Creating an effective postmortem template starts with a clear title and introduction that summarizes the incident. This sets the stage for anyone reading the document, providing immediate context.

Following this is the incident timeline—a chronological account of events leading up to and during the incident, complete with timestamps. This section is crucial for understanding the sequence of events and identifying contributing factors and potential triggers.

The impact and mitigation section is another critical component. Here, you detail the effects of the incident on users and describe the immediate corrective actions taken. This section helps teams understand the real-world implications of the incident and the effectiveness of their initial response.

Root cause analysis and lessons learned are the heart of any postmortem template.
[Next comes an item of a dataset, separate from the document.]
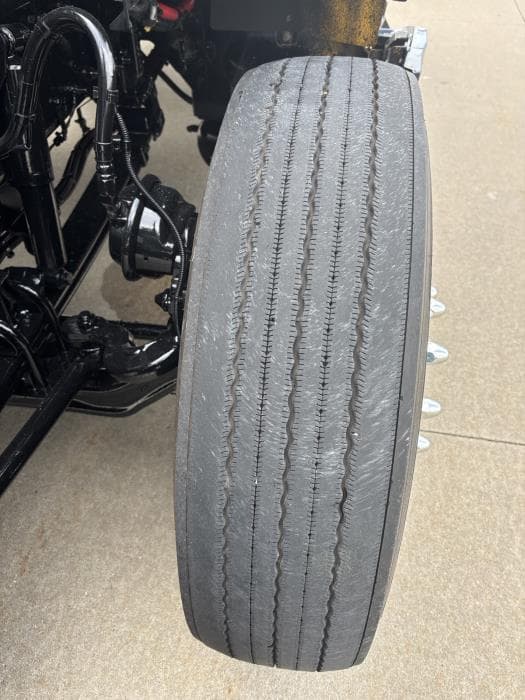 2023 Kenworth T680 — photo 12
By identifying the root cause, teams can implement measures to prevent similar incidents in the future. Lessons learned provide valuable insights into what worked well and what didn’t, fostering a culture of continuous improvement.

Using a consistent format in postmortem documentation facilitates thorough analysis and more effective incident management. Regularly updating the template based on feedback and outcomes from previous postmortems further enhances its effectiveness. Ultimately, an effective postmortem template is not just a document; it’s a dynamic tool for continuous learning and improvement.
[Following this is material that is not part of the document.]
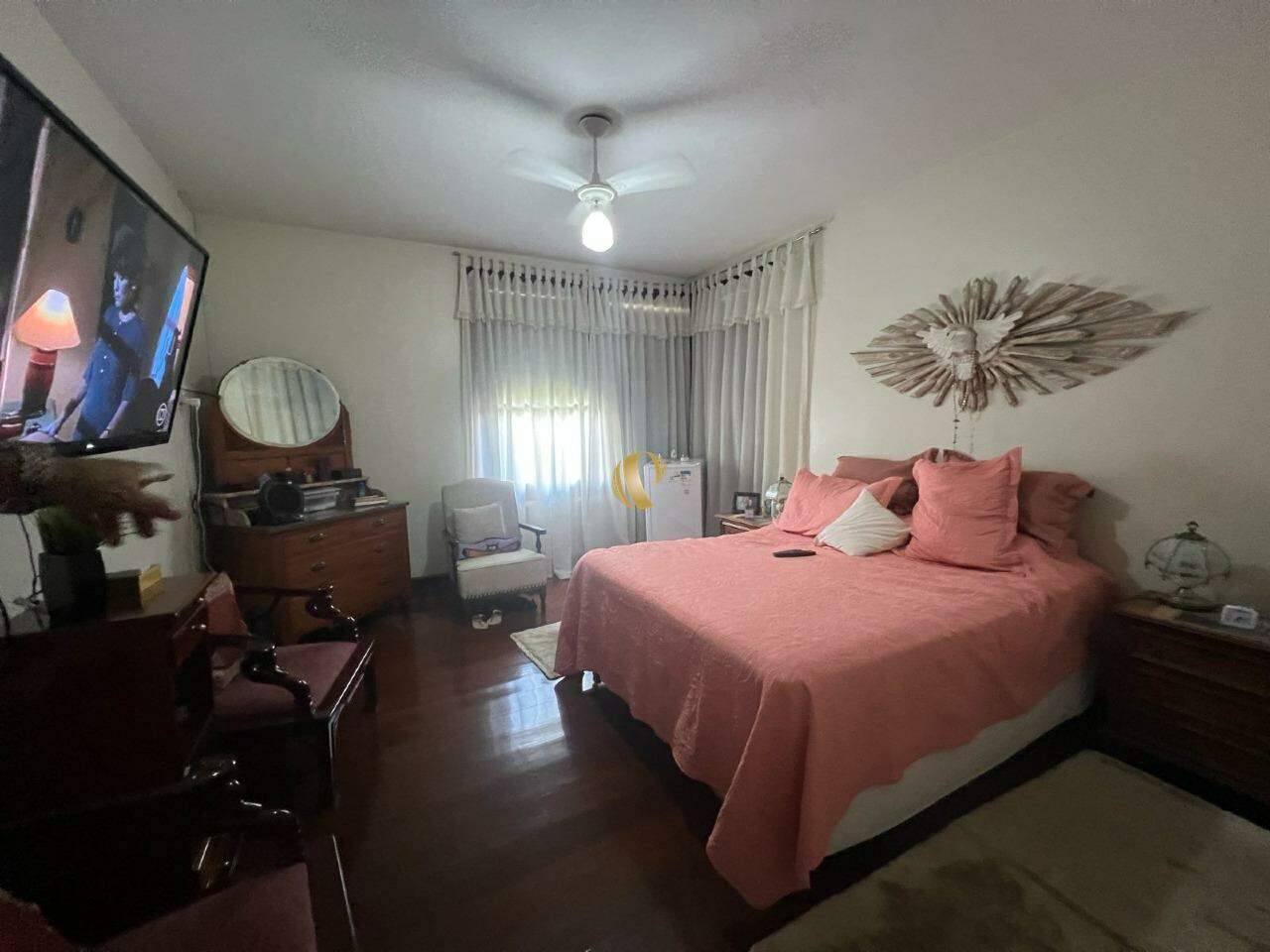 Casa para alugar com 6 quartos, 800m² - Foto 17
ilert's built-in postmortem feature

ilert takes the hassle out of creating postmortem documents. It automatically gathers data from various incident-related communications and status updates, making the documentation process seamless. This feature is a lifesaver when you’re dealing with the aftermath of an incident and need to focus on analysis rather than data collection.

Integration with chat tools like Slack and Microsoft Teams further streamlines the process. ilert can automatically compile alerts triggered during incidents and include relevant messages from linked channels. This means you don’t have to manually sift through endless chat logs to find pertinent information.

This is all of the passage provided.